シュウサクは店主に今のジョウワ教官の様子を語る。尊大な態度を決して崩さないところや部下の失敗を公衆の面前で攻め立てる意地悪さを多少の誇張を交えて伝えると、店主は大笑いする。
「あのひよっこが何をえらそうに」
三人はジョウワ教官の話題で大いに盛り上がる。いつのまにか店主は「俺のおごりだ」と言って一階から別の酒を持ってくると自分も一緒になって呑みはじめていた。
「なんかこうして話していたら力が湧いてきました」
シュウサクが酔って顔を赤くしながらそう言う。すでに目はとろんとしてきている。テーブルの上には空になった徳利や酒瓶が並び、料理皿が積みあがっている。
「酔ってるでしょ、かなり」
インセキの指摘に対し、シュウサクは「ぜんぜん酔ってません」と見え透いた嘘をつく。
「いいじゃないか。

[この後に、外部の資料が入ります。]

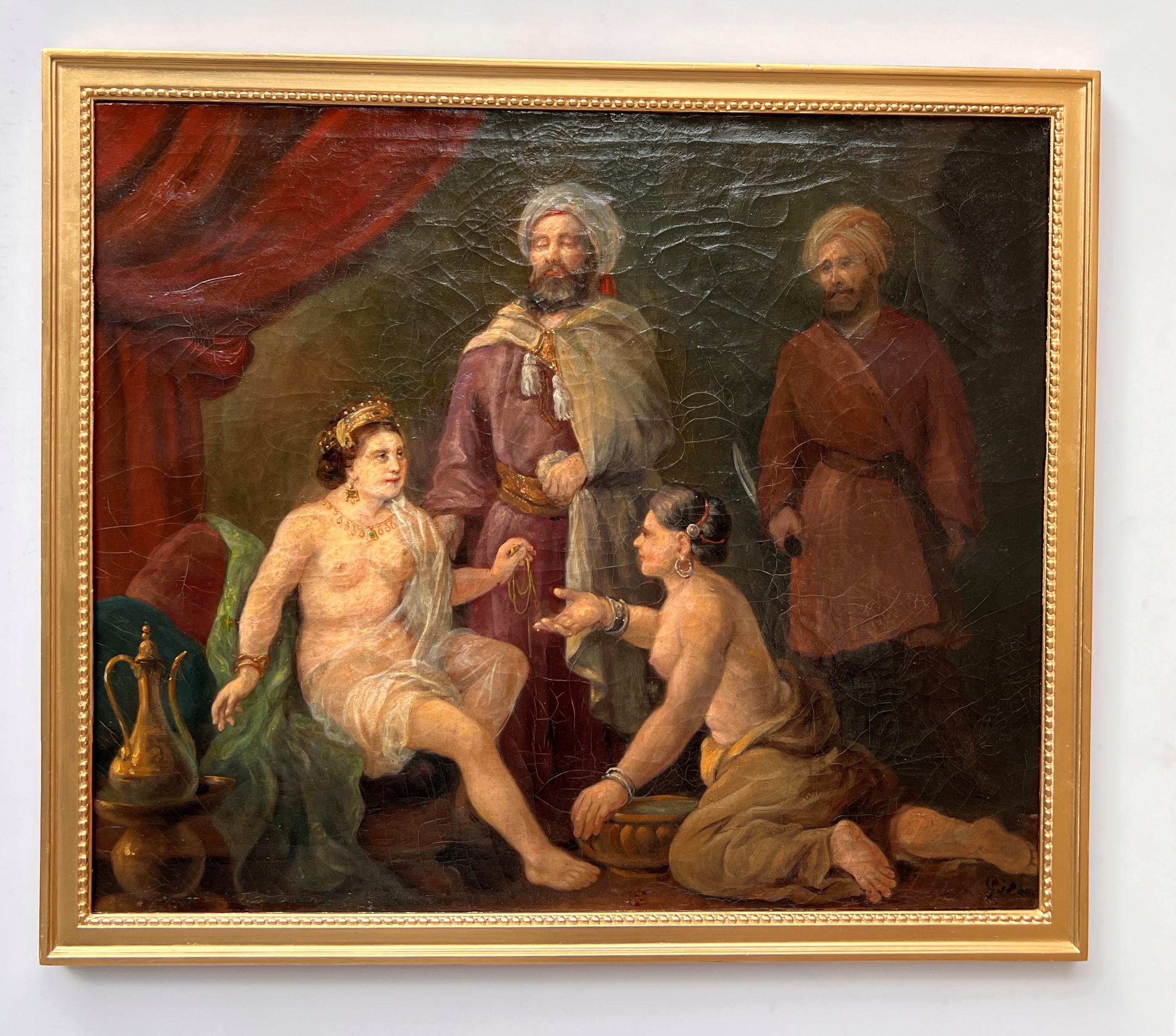 Up for sale is a fabulous antique 19th-century or even earlier original oil painting on canvas depicting an interior scene with a seated female nude queen wearing a jeweled crown and ancient Roman-style gold and gem-studded jewelry. She is draped in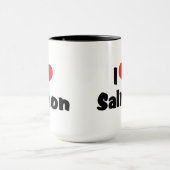 サーモンが大好きハート - フィッシュギフト マグカップ (中央)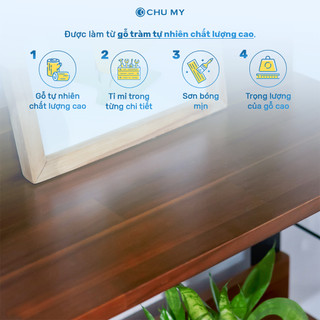 Kệ để đồ đa năng CHU MY gỗ tràm 5 tầng, khung thép sơn tĩnh điện, mặt gỗ 17mm, 25.5KG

ストレスを解消できるのは酒が持っている大きな魅力のひとつだ」
「そうですね」とインセキは同意する。「しょせん研修は研修です。もう忘れましょう」
「そうだよな、それに俺は本番に強い男なんだ」
「私は数々の軍人を見てきたからわかるけど、君は将来大きくなるよ」
「ほんとですか?」
店主の発言にシュウサクは目を輝かせる。リップサービスだとわかっていても褒められて悪い気はしない。
「まちがいない」
「期待に応えられるようがんばります。パンスラヴ社の連中を根絶やしにしてやります」
「いいね、その意気だ」
「俺はやります!」
シュウサクは立ちあがると、カイゼル酒がなみなみと注がれたグラスをかかげる。店内照明が朱色のカイゼル酒を透過し、シュウサクの顔を赤く染める。仕事そっちのけですっかり座り込んでいた店主とインセキも自分のグラスを持って立ちあがる。三人は天高くグラスをかかげると、「カンパーイ」と大きな声をあげ、おたがいにグラスを勢いよくぶつけて涼しげな音を立てた。